As noted earlier, pleiotropy limits the unambiguous affirmation of a genotype-phenotype association, as does the fact that heterogeneous genetic abnormalities can produce the same phenotype. The logical consequence of both statements challenges the necessary and sufficient conditions by which a causal relation between genotype and phenotype can be ascertained. Neurobiological, neurophysiological, neurodevelopmental, and neurobehavioral processes that may also insinuate themselves along the path between the two endpoints will make attempts at establishing valid genotype-phenotypes less certain. Moreover, as Smoller (2013) and others have observed, genotype-phenotype associations may not be well-established since many psychiatric disorders have overlapping symptoms and the likelihood of misclassification is considerable. For psychiatric disorders, therefore, Gottesman & Gould (2003) argued that the nosology for a syndromic phenotype may not be the best approach for ascertaining the underlying genetic etiology. Their solution was to identify an endophenotype detectable by “biochemical test or microscopic examination” (Gottesman & Gould, 2003), the second approach suggested by Leboyer et al. (1998).
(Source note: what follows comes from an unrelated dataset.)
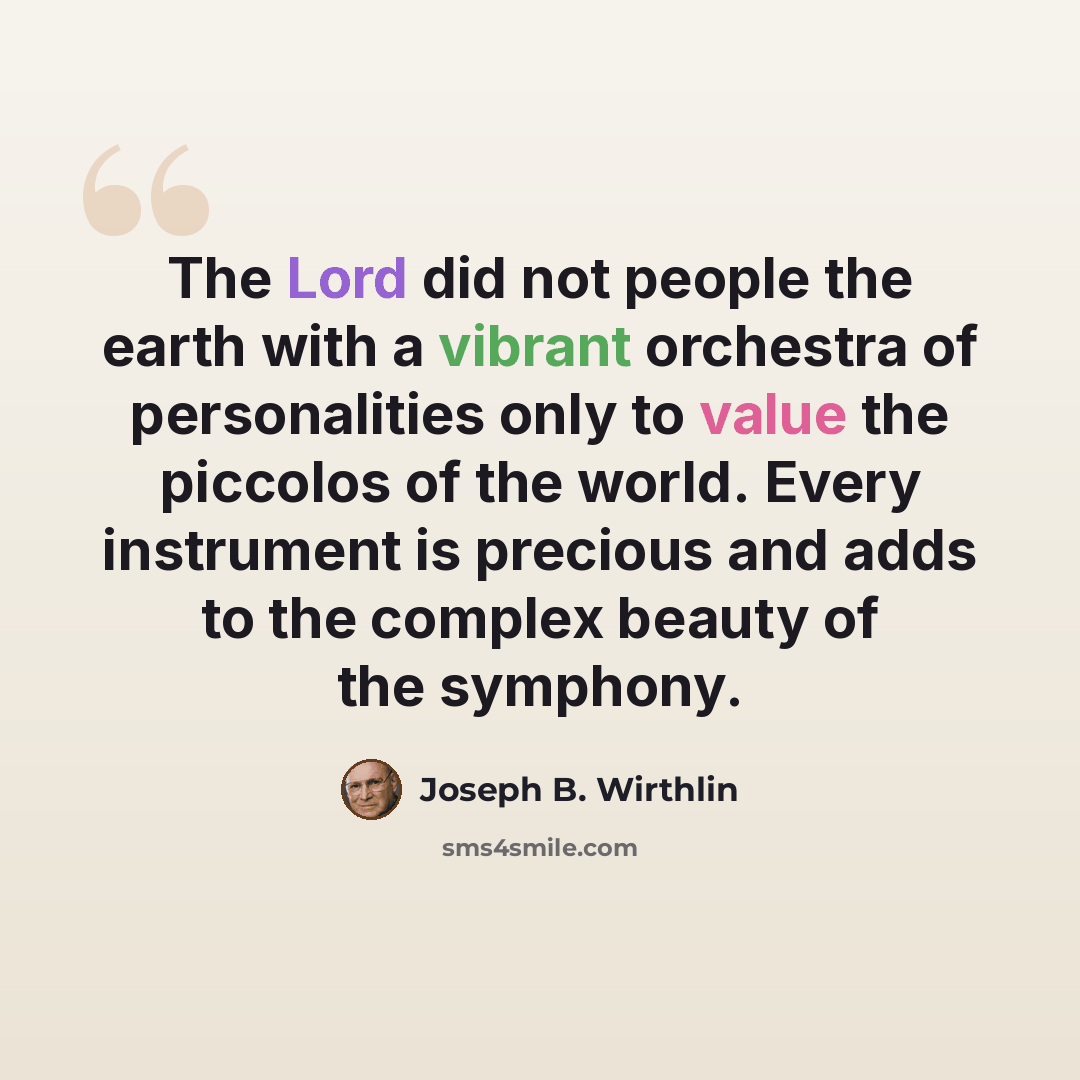 “The Lord did not people the earth with a vibrant orchestra of personalities only to value the piccolos of the world. Every instrument is precious and adds to the complex beauty of the symphony.” quote by Joseph B. Wirthlin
Flint & Munafò (2007) concur with Gottesman and Gould, stating that “(e)ndophenotypes in psychiatry retain the notion of an internal process, but one that can be objectively measured…” (Flint & Munafò, 2007, p. 163). In their meta-analysis of psychiatric disorders and their putative genotypes, Flint & Munafò (2007) state that, by identifying endophenotypes in psychiatric disorders, researchers would have a more parsimonious pathway to the genotype. To that end, they analyzed the results from seven well-known psychiatric disorders in which putative endophenotypes have been identified, five case-control studies of different genes that may be associated with schizophrenia, and 26 samples from 16 studies examining the COMT genotype with two measures of cognitive “endophenotypes” associated with schizophrenia. Results from all three analyses were less than convincing, with effect sizes ranging from 0.1% to 0.5%. Flint & Munafò (2007) concluded that the effect sizes they found for endophenotypes were not much different from those found at the level of the phenotype. Moreover, they argue that the genetic architecture may be as multifaceted as the psychiatric disorder itself, a point made earlier about heterogeneous genotypes.
1.4 Modeling causality in a genotype-phenotype environment
The epistemological paradigm for genotype-phenotype associations is a model of causality. However, given what is known about pleiotropy as well as multiple genetic abnormalities producing the same phenotype, modeling causality is not as simple as the genotype-phenotype prototype proposed by Johannsen. In addition to these difficulties, attempts to circumvent problems associated with phenotype assessment by evaluating an intermediate type or endophenotype have met with limited success. In all these instances, the obstacles in establishing a valid genotype-phenotype associations in the manner originally described by Johannsen can be considered a subcategory of the problem of ascertaining a valid model of causality in an observational setting as opposed to experimental environment.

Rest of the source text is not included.